[Start of Attachment]

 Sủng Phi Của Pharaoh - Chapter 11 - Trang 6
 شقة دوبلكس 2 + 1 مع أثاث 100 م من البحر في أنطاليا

[End of Attachment]
[Start of Attachment]

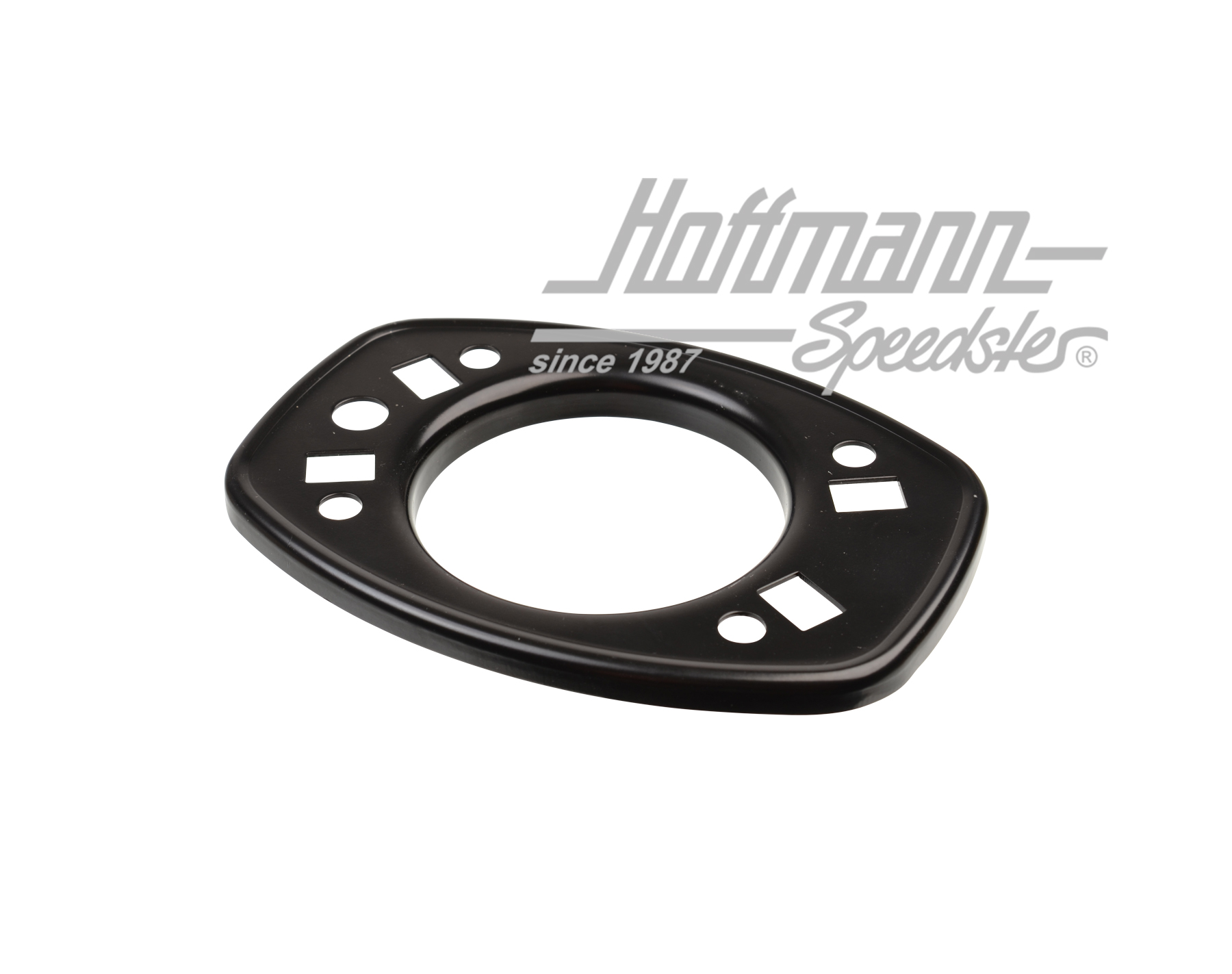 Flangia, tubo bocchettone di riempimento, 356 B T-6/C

[End of Attachment]
[Start of Attachment]

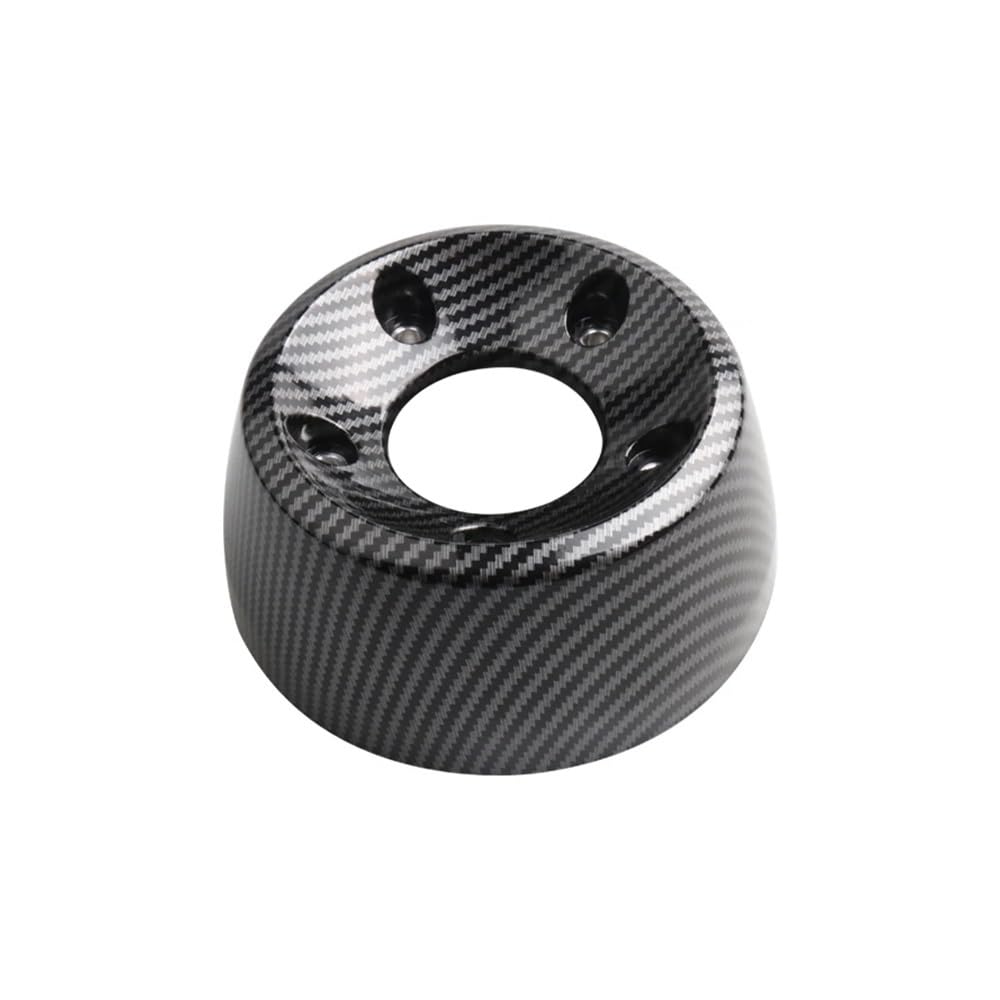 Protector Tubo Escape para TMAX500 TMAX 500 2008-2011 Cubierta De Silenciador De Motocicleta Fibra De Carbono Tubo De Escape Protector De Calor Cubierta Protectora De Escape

[End of Attachment]

Problem requirements. Take exactly the lines from the one containing "Sủng Phi Của Pharaoh - Chapter 11 - Trang 6" through the one containing "شقة دوبلكس 2" in the data above, and output them with nothing added.

Exercise result.
 Sủng Phi Của Pharaoh - Chapter 11 - Trang 6
 شقة دوبلكس 2 + 1 مع أثاث 100 م من البحر في أنطاليا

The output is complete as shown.